### [WORK INSTRUCTION]
From the first line to the last, retype everything below exactly, minus the pictures.

### [MATERIALS PROVIDED]
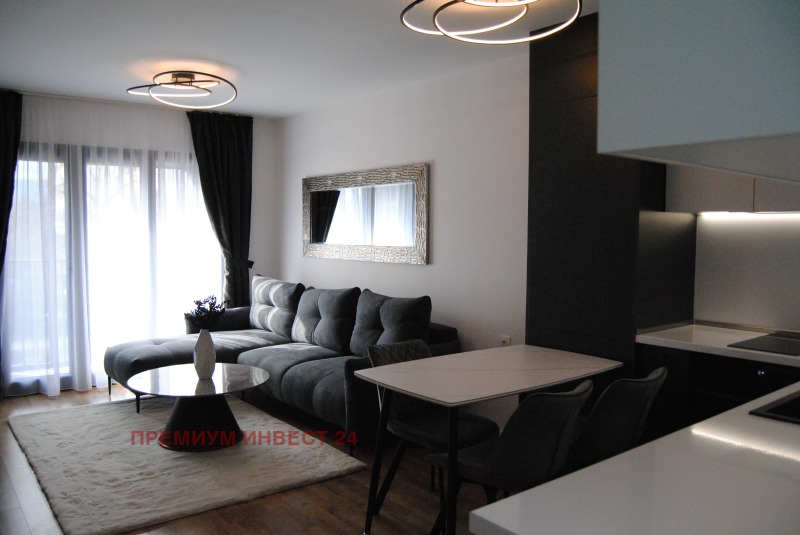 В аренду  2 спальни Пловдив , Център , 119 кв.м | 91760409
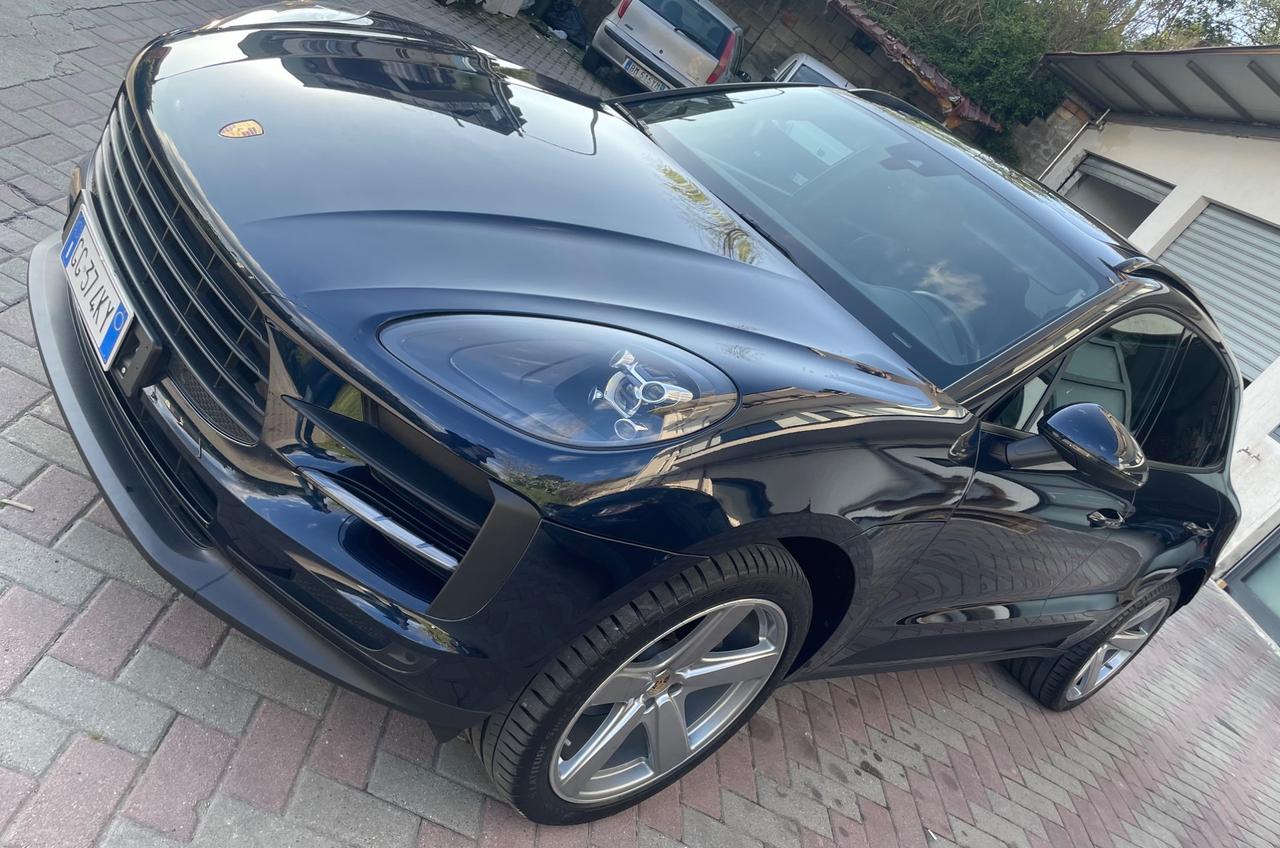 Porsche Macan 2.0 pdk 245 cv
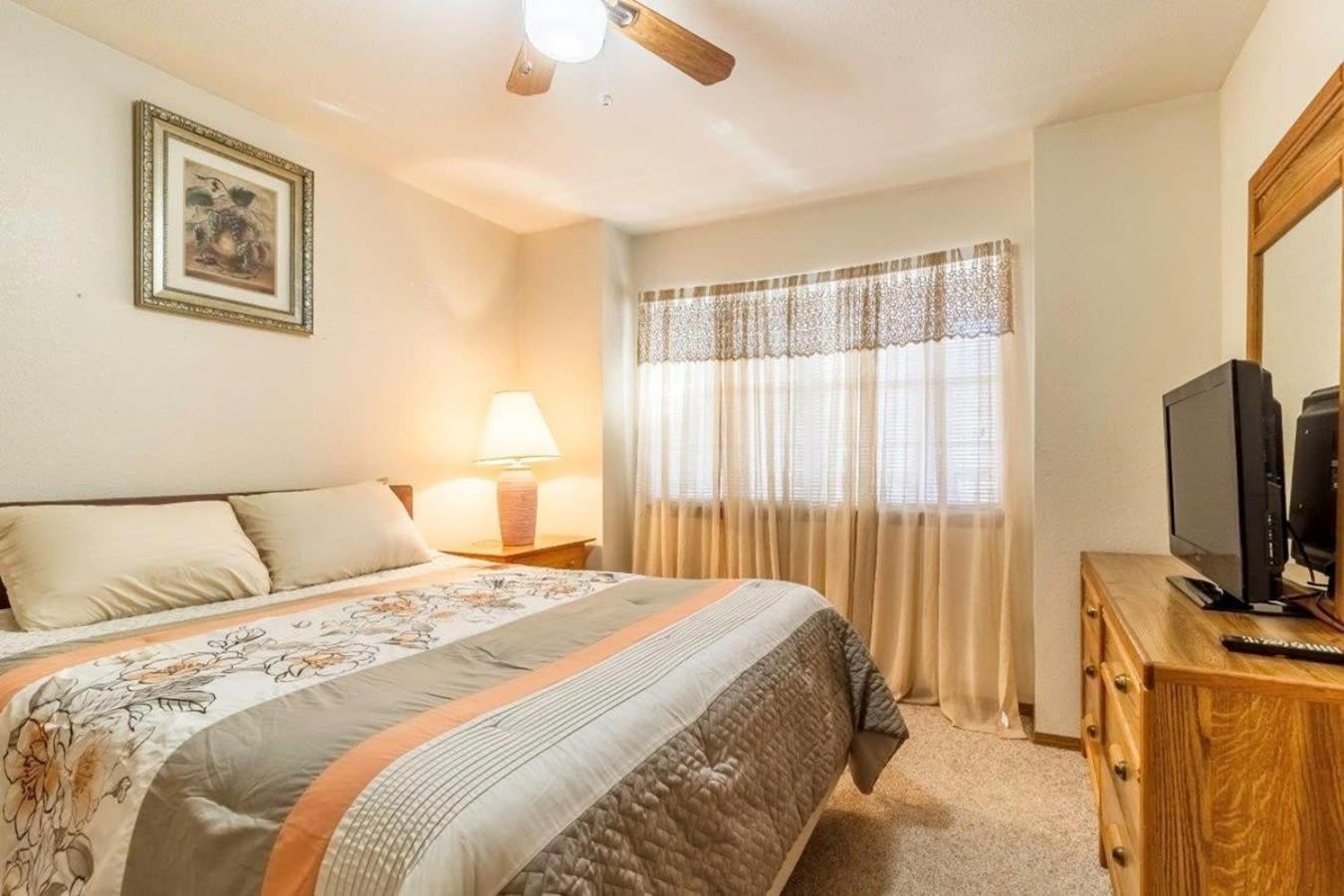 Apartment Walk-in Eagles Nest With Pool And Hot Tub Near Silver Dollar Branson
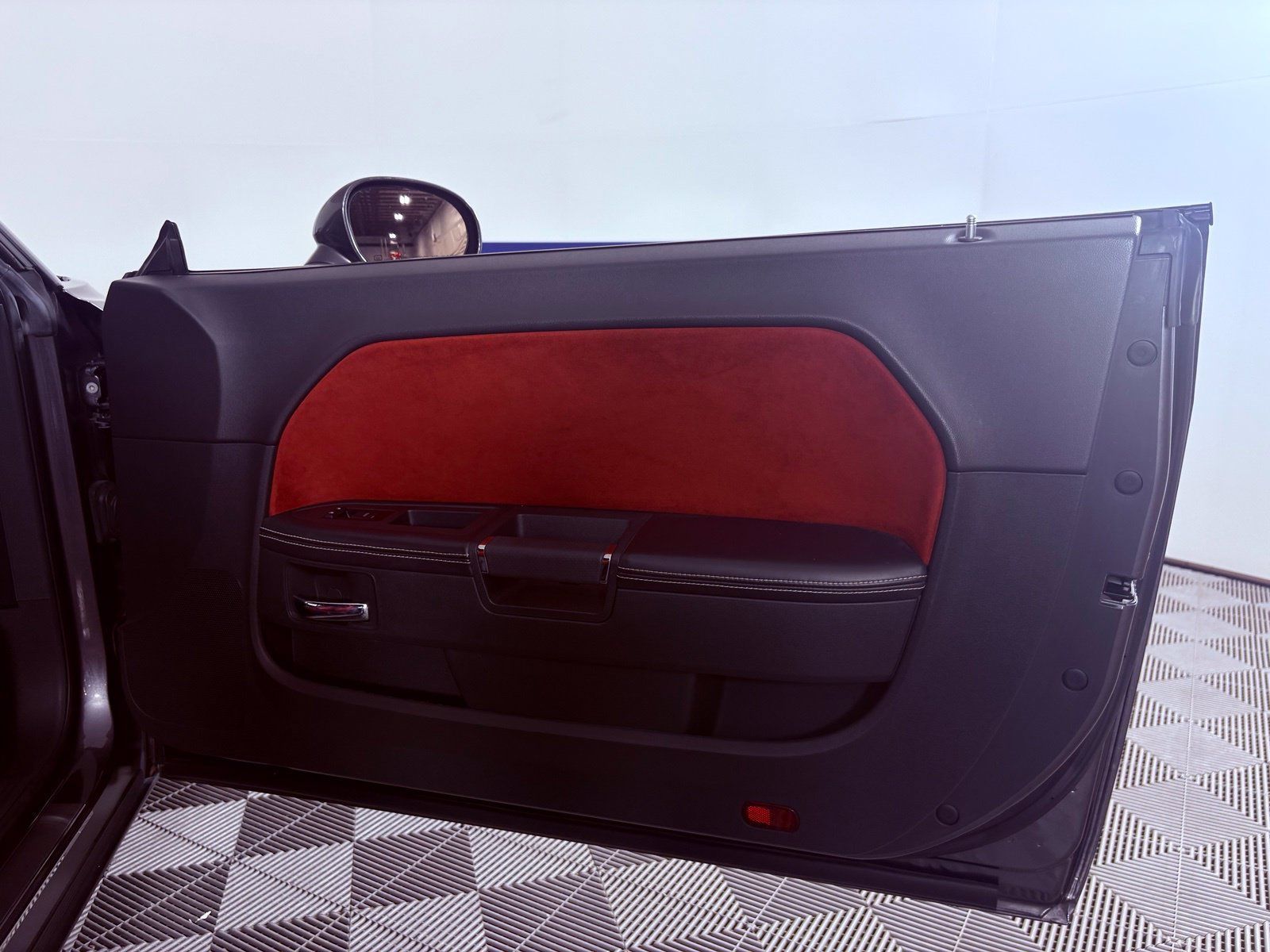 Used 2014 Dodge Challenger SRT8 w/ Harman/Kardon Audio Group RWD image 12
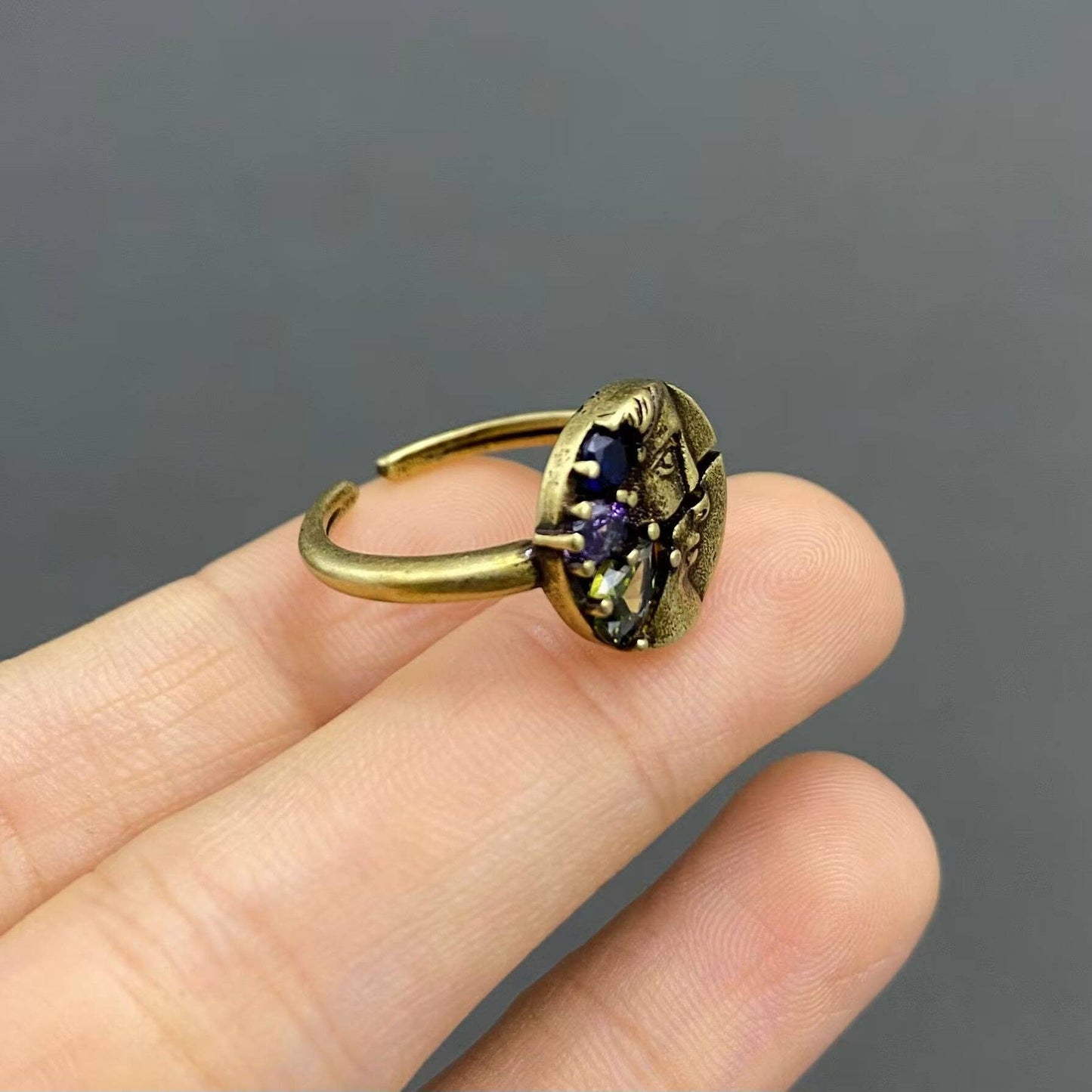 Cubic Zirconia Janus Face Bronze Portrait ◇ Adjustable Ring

### [SOLUTION TO THE PROBLEM]
 В аренду  2 спальни Пловдив , Център , 119 кв.м | 91760409
 Porsche Macan 2.0 pdk 245 cv
 Apartment Walk-in Eagles Nest With Pool And Hot Tub Near Silver Dollar Branson
 Used 2014 Dodge Challenger SRT8 w/ Harman/Kardon Audio Group RWD image 12
 Cubic Zirconia Janus Face Bronze Portrait ◇ Adjustable Ring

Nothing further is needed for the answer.